Non solo carcere per traffico di stupefacenti
Pubblicato il 23 luglio 2011
Rilevante sentenza della Corte costituzionale sulla custodia cautelare, che ha dichiarato costituzionalmente illegittimo l’art. 275, comma 3, secondo periodo, c.p.p. nella parte in cui non considera che le esigenze cautelari possono essere soddisfatte con altre misure, nel prevedere l'applicazione della custodia cautelare in carcere per la sussistenza di gravi indizi di colpevolezza per il reato di associazione per delinquere finalizzata al traffico di stupefacenti (art. 74 del d.P.R. n. 309 del 1990).
Pur considerato grave, il delitto di associazione finalizzata al traffico illecito di sostanze stupefacenti o psicotrope non può essere considerato alla stregua del delitto di associazione di tipo mafioso che è connotato da un vincolo associativo che "
esprime una forza di intimidazione e condizioni di assoggettamento e di omertà per conseguire determinati fini illeciti". Tale vincolo implica una solida e permanente adesione tra gli associati, una rigida organizzazione gerarchica, una rete di collegamenti e un radicamento territoriale.
Diversamente il traffico illecito di sostanze stupefacenti o psicotrope non richiede una struttura complessa e gerarchicamente ordinata, essendo sufficiente una qualunque organizzazione di attività personali e di mezzi economici per il perseguimento del fine comune.
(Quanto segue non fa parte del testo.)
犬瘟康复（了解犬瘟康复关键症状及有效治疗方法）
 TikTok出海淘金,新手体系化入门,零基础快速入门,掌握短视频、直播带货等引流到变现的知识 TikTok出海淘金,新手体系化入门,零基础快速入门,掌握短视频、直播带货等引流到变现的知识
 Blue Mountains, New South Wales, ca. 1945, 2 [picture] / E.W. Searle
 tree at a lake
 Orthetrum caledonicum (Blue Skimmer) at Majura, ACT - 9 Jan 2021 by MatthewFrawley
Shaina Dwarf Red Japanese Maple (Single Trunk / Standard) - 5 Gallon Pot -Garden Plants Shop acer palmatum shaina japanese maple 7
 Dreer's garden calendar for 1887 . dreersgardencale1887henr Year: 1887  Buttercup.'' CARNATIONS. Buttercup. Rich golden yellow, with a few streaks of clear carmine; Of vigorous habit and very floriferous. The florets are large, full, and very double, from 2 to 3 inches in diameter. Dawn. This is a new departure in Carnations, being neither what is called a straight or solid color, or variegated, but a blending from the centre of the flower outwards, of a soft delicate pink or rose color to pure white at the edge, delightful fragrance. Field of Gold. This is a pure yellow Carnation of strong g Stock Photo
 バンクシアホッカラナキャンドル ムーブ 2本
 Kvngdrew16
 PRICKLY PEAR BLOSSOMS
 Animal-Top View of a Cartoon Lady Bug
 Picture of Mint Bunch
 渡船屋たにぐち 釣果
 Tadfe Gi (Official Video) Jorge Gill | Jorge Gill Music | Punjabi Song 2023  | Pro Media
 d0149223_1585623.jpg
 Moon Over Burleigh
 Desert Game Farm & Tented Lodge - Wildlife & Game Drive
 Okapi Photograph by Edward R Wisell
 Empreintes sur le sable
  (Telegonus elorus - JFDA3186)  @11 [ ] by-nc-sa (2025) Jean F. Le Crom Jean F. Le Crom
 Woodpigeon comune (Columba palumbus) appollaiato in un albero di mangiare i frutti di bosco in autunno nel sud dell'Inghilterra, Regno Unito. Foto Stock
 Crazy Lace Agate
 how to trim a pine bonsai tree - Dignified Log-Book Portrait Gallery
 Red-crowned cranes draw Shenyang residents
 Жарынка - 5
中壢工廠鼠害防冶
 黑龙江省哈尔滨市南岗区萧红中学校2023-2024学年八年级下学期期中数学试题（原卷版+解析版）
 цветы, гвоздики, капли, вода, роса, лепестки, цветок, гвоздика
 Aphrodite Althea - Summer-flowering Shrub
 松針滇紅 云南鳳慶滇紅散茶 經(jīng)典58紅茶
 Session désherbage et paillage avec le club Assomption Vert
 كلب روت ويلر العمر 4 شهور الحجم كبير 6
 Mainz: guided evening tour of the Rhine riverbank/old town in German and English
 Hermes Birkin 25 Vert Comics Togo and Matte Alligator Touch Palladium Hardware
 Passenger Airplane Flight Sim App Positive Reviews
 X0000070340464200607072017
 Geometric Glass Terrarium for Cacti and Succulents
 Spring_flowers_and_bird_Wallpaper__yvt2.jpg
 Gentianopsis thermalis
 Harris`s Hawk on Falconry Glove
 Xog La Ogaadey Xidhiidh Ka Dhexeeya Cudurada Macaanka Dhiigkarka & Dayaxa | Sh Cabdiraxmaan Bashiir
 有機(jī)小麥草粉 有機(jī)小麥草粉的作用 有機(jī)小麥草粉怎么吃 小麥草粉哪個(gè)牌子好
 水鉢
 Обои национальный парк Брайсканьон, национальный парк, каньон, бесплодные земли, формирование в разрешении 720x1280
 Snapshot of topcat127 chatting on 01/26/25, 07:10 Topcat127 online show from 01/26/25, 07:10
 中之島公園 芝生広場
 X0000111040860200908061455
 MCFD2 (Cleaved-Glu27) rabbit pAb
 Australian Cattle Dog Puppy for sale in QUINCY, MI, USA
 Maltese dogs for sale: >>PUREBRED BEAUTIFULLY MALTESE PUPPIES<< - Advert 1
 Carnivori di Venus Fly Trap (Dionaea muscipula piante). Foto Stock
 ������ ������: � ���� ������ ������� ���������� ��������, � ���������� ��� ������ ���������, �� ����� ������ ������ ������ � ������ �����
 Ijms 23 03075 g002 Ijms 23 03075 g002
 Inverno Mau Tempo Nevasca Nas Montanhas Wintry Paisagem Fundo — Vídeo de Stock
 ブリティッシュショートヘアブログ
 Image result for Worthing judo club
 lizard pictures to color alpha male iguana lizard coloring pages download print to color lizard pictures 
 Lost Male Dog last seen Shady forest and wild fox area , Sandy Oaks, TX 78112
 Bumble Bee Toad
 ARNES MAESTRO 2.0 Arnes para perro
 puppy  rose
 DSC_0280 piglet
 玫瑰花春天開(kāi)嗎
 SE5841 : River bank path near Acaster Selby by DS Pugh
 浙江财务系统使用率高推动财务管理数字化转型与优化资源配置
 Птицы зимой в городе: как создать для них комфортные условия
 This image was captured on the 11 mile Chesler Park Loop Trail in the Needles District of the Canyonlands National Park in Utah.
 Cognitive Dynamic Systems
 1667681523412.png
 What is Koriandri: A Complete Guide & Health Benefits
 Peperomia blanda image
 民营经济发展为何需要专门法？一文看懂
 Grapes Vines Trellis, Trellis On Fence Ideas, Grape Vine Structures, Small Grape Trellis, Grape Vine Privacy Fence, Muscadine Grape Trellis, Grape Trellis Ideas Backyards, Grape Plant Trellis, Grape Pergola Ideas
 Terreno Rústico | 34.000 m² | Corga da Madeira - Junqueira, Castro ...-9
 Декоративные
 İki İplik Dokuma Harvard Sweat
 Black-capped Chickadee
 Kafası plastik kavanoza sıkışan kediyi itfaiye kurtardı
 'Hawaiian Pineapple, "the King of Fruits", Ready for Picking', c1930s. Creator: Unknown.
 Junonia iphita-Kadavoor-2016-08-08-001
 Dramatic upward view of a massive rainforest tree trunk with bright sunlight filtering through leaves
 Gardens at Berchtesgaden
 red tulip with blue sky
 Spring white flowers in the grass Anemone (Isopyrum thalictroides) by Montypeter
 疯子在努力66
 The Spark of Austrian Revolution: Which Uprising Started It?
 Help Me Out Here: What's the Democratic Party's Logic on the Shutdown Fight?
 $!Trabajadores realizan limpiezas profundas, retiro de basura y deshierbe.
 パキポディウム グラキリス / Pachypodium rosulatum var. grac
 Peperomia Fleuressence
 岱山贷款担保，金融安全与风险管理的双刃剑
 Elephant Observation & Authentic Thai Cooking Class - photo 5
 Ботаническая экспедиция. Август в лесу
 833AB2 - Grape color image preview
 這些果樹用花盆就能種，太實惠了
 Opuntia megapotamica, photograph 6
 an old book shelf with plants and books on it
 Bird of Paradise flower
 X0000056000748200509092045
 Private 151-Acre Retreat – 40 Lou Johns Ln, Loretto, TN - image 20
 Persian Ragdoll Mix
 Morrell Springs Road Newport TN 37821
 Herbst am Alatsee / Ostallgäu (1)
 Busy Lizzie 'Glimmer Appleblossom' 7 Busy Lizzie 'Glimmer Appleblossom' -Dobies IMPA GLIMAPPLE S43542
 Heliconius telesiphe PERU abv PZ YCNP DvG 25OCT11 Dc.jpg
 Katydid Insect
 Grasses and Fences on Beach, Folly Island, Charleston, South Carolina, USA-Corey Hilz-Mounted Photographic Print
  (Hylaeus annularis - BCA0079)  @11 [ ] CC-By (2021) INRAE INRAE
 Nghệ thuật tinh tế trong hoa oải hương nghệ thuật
Pertanto i giudici, con sentenza n.
231/2011, ritengono che la presunzione assoluta sancita dalla norma in questione sia da trasformare in presunzione relativa. La misura del carcere, necessaria per gli indiziati mafiosi, non rappresenta invece l'unica misura possibile per gli accusati di associazione a delinquere finalizzata al traffico di sostanze stupefacenti.